Does it really matter to you if none of these reasons are true?

In the late 1980's oenophiles were stirred into an orgasmic frenzy when the media started reporting that red wine was beneficial to one's health.  Wine producers were happy to jump on that bandwagon and promote wine as health in a bottle. 

Wine does contain resveratrol, a polyphenol (think antioxidant), thought to help prevent damage to blood vessels, reduce bad cholesterol, and prevent blood clots. But nearly all this research has been done on animals.  And it's the resveratrol, not the wine, which yields the alleged benefits.  Resveratrol comes from the skin of grapes. Eating grapes or drinking grape juice should yield any of the same benefits without the alcohol.

This is an important distinction. The food industry has always been guilty of tying research to spurious claims their products are healthy.   For example, vitamin B12 plays a key role in our brain and nervous system functions. The junk food cereal Froot Loops, composed of 41% sugar, contains fortified B12. Therefore, Froot Loops IS healthy because it's a source of B12.  Lycopene, found in tomatoes, is a pigment found in tomatoes thought (but not documented) to reduce the risks of cardiovascular disease and prostate cancer.
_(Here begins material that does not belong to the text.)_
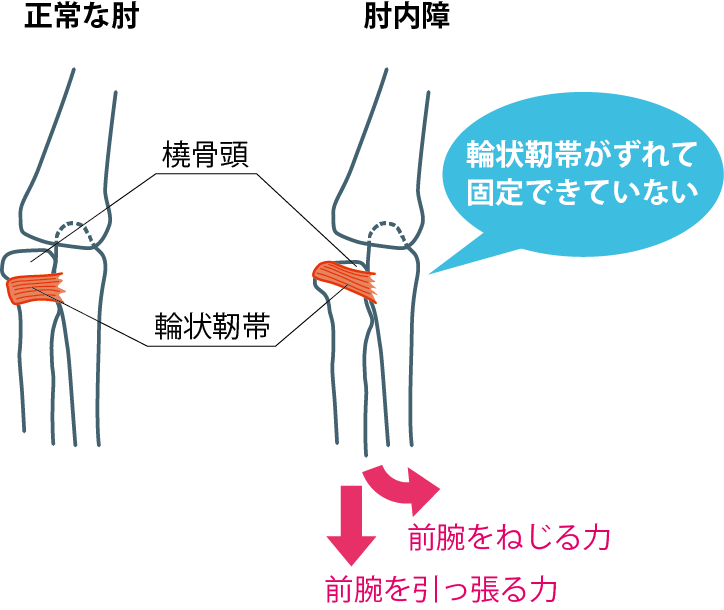 肘内障 肘の脱臼 岐阜市 本巣市 北方町のひまわり接骨院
Therefore, Heinz suggests that dousing your burgers and fries with their heavily sweetened ketchup is an ideal way to get your source of lycopene.

For the moment, beer is being touted as the drink of the healthy, more so than wine even.  You don't have to go far on the internet to find 6, 10, or 12 reasons why beer is good for you. Ten benefits to get you started:

*  A healthier brain

*   A stronger heart

*   Guarding against stroke

*   Reduced risk of cancer

*   Stronger bones

*   Boosting vitamin levels

*   Reduced risk of diabetes

*   Healthier kidneys

*   Lower blood pressure

*   Longer life

Any beer drinker would love to be able to justify his drinking habit in the name of health. If you start spouting out these benefits at a bar because you "read them somewhere," you stand the fair chance of looking like an idiot when you'll undoubtedly be asked for more details.

How seriously should we take any of these claims?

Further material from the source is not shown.